Przekład: Zofia Grabowska
Wydawnictwo MG
Warszawa 2020
Będzie krótko. "Dobre żony" to flagowy przykład książki, która powstała jako kontynuacja dobrze przyjętej pierwszej części i nie uniosła tematu.
Nic nie zostało z sielankowego, pogodnego obrazu rodziny Marchów. I nie jest to wina dorastających bohaterek, które mimo swych talentów, serdeczności, urody wypadają na kartach książki płasko i blado. Cienie samych siebie. Czytam o ich perypetiach, ale te wiadomości o nich wcale mnie nie przekonują.
W "Małych kobietkach" prostolinijność i kreatywność dziewcząt jest świeża, rześka, pełna werwy i młodości, tutaj wybrzmiewa jak zgrana płyta, naiwna, infantylna, niepotrzebna.

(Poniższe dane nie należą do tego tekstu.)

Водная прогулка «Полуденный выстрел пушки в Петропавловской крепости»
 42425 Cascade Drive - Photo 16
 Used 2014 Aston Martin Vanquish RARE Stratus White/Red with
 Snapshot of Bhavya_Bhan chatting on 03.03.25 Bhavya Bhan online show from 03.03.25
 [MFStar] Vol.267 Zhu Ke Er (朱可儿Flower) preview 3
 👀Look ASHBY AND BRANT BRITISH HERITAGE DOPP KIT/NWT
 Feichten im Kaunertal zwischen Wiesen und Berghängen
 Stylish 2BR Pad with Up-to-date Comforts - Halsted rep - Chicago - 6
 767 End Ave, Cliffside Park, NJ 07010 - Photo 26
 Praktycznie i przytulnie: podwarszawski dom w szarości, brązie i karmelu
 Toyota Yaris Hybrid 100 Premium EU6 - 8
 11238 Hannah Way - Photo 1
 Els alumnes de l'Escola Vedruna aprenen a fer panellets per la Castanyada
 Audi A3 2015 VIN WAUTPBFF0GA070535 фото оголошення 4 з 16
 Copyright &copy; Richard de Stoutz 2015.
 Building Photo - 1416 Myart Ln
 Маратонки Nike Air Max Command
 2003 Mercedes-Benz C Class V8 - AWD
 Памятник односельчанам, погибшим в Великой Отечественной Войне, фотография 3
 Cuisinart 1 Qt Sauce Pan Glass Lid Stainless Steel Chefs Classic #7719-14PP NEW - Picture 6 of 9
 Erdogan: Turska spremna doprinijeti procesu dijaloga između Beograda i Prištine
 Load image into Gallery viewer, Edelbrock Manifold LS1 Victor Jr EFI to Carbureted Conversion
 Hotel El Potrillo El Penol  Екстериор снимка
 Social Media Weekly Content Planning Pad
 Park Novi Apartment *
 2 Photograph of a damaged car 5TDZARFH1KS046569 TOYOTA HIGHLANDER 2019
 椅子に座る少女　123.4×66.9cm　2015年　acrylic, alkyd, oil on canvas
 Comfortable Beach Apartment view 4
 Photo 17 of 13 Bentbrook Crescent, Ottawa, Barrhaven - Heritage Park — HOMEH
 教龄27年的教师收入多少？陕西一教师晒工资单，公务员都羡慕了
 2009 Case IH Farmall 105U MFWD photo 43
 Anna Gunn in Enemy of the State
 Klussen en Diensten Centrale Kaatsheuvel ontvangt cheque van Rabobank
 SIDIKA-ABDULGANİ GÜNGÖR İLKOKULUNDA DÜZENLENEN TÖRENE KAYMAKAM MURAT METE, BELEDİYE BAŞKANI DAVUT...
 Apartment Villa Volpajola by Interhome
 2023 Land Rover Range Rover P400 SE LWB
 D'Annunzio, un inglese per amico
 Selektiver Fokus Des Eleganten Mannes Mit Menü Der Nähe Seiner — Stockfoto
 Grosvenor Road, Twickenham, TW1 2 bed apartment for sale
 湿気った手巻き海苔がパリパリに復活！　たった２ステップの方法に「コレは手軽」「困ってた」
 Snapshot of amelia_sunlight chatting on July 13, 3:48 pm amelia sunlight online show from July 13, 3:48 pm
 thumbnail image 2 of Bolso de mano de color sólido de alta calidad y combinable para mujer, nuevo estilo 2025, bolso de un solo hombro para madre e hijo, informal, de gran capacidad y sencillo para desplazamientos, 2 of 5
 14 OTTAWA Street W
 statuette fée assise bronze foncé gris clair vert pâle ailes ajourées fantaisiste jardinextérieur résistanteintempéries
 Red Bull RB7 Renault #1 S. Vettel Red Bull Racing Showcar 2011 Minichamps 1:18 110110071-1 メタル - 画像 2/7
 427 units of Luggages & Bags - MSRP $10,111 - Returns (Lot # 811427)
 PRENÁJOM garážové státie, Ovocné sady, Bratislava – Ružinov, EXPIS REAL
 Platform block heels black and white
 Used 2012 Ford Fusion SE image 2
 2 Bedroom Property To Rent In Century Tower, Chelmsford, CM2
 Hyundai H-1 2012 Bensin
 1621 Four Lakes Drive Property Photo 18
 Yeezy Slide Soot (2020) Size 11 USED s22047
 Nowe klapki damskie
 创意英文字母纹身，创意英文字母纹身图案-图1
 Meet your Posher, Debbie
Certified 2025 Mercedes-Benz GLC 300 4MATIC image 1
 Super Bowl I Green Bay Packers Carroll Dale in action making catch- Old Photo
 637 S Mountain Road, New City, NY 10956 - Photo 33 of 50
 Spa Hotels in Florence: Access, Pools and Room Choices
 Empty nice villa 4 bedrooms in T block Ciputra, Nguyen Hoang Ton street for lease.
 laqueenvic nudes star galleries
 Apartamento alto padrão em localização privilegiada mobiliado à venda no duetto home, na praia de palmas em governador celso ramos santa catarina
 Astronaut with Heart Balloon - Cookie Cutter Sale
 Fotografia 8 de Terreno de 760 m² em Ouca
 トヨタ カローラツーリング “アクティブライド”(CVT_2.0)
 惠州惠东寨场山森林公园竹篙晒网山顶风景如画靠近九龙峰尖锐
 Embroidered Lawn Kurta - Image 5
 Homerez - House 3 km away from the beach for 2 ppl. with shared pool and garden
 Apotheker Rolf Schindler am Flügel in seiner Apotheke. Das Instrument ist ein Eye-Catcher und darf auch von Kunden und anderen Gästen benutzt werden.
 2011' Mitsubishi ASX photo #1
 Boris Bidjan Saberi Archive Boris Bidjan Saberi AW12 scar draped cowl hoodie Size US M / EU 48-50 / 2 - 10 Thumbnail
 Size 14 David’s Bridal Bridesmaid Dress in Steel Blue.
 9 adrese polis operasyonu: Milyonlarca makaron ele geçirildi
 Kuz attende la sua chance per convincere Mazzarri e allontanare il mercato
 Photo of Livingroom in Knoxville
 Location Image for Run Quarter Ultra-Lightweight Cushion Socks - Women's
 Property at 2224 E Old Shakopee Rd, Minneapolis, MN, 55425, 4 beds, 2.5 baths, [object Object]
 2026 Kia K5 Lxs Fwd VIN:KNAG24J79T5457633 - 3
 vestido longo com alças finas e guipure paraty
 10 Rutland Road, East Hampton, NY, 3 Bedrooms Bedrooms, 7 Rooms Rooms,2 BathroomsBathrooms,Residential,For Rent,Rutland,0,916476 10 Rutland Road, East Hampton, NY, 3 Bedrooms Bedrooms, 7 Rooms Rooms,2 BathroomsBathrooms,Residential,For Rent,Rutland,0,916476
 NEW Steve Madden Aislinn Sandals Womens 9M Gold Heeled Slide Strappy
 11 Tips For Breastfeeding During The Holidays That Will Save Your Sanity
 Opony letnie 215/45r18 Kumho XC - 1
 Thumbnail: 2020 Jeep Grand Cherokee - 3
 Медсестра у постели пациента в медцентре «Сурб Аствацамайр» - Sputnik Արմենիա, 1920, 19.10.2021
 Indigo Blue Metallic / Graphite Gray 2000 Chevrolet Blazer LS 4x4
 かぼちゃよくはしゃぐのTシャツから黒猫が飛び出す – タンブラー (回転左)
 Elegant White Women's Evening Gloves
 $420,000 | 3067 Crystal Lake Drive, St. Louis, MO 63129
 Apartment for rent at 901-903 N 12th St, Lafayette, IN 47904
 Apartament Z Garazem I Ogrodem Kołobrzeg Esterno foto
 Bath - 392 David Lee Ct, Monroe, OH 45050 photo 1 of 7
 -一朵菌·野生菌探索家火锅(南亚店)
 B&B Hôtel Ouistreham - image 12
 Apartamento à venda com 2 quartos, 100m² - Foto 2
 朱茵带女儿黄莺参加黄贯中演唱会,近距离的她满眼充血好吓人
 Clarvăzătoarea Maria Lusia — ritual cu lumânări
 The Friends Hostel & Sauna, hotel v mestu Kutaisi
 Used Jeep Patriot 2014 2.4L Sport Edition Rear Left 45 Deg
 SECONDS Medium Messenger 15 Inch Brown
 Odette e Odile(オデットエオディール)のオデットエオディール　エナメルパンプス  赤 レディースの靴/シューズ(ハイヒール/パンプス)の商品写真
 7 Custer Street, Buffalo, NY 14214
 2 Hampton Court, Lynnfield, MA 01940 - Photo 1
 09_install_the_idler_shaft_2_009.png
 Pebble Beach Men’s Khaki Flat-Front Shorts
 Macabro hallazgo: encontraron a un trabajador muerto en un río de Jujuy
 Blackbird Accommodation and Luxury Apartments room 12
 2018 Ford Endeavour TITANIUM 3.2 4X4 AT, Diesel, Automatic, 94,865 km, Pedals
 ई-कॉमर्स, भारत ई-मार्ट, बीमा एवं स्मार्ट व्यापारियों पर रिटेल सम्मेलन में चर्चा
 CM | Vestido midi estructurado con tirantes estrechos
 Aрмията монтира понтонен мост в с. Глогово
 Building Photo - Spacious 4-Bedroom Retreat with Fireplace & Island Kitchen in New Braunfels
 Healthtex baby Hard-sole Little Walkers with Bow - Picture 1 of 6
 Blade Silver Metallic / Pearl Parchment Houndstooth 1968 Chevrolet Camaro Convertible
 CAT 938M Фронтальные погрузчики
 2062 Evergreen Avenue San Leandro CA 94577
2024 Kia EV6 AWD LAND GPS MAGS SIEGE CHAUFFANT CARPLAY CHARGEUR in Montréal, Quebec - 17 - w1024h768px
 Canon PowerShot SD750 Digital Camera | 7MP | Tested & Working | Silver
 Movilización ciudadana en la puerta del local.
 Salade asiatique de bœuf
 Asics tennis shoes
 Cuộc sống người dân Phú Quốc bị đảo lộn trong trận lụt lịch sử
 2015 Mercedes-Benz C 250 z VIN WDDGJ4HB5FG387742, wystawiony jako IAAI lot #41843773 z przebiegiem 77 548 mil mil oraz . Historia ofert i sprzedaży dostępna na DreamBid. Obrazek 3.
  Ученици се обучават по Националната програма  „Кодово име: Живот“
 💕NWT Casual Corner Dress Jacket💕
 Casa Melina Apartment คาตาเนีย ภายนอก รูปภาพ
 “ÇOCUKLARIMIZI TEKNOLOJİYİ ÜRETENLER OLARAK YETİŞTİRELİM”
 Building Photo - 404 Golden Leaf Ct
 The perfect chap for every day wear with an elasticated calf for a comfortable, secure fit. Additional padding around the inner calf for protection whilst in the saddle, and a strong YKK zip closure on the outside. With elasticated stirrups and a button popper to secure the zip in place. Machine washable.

Najstarsza i najpiękniejsza Meg, urocza chłopczyca Jo, nieśmiała Beth i rozpuszczona najmłodsza Amy znaczą karty powieści. Ich dorastanie, borykanie się z problemami młodych dorosłych, dokonywanie wyborów życiowych, odnajdywanie się w nowych, nieraz matrymonialnych sytuacjach, a także tragedie i nieszczęścia, nieuniknione w ludzkich losach, są ich udziałem.
Jednak, jak mawia mój Tato: "tak dobrze żarło i zdechło" - na nic kreacje i wydumane wątki. Ta książka po prostu nie brzmi.
Plusem jest wydanie, prawdziwie staranne.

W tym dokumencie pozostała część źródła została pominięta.